> **Exercise**: Exactly as they appear, copy the lines from the start of the entries below to the line containing "Pompa de san", both ends included.

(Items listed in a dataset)
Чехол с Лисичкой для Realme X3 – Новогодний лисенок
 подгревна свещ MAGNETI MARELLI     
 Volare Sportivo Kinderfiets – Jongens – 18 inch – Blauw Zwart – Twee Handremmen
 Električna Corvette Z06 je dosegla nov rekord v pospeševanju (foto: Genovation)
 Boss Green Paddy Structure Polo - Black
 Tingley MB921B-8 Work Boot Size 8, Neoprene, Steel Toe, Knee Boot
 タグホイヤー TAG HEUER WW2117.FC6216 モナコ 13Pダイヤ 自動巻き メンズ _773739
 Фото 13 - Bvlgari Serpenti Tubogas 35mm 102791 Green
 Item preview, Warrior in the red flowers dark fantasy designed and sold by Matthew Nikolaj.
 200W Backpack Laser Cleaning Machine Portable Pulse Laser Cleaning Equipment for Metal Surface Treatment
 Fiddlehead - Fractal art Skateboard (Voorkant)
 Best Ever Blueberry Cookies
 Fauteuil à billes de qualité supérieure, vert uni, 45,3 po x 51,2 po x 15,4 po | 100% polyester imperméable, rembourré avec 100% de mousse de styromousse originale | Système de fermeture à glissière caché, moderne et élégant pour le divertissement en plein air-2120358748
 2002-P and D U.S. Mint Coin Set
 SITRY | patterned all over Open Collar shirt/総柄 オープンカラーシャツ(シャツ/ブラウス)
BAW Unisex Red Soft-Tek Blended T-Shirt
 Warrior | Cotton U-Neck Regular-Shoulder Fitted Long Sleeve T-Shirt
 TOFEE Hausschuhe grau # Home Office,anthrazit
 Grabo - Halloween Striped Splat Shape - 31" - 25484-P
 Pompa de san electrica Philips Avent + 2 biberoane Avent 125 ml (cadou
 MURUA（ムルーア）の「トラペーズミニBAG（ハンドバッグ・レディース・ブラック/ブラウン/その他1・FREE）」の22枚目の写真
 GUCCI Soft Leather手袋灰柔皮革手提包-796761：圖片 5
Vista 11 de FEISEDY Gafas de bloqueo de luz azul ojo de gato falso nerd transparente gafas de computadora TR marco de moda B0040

> **Output for this exercise**:
Чехол с Лисичкой для Realme X3 – Новогодний лисенок
 подгревна свещ MAGNETI MARELLI     
 Volare Sportivo Kinderfiets – Jongens – 18 inch – Blauw Zwart – Twee Handremmen
 Električna Corvette Z06 je dosegla nov rekord v pospeševanju (foto: Genovation)
 Boss Green Paddy Structure Polo - Black
 Tingley MB921B-8 Work Boot Size 8, Neoprene, Steel Toe, Knee Boot
 タグホイヤー TAG HEUER WW2117.FC6216 モナコ 13Pダイヤ 自動巻き メンズ _773739
 Фото 13 - Bvlgari Serpenti Tubogas 35mm 102791 Green
 Item preview, Warrior in the red flowers dark fantasy designed and sold by Matthew Nikolaj.
 200W Backpack Laser Cleaning Machine Portable Pulse Laser Cleaning Equipment for Metal Surface Treatment
 Fiddlehead - Fractal art Skateboard (Voorkant)
 Best Ever Blueberry Cookies
 Fauteuil à billes de qualité supérieure, vert uni, 45,3 po x 51,2 po x 15,4 po | 100% polyester imperméable, rembourré avec 100% de mousse de styromousse originale | Système de fermeture à glissière caché, moderne et élégant pour le divertissement en plein air-2120358748
 2002-P and D U.S. Mint Coin Set
 SITRY | patterned all over Open Collar shirt/総柄 オープンカラーシャツ(シャツ/ブラウス)
BAW Unisex Red Soft-Tek Blended T-Shirt
 Warrior | Cotton U-Neck Regular-Shoulder Fitted Long Sleeve T-Shirt
 TOFEE Hausschuhe grau # Home Office,anthrazit
 Grabo - Halloween Striped Splat Shape - 31" - 25484-P
 Pompa de san electrica Philips Avent + 2 biberoane Avent 125 ml (cadou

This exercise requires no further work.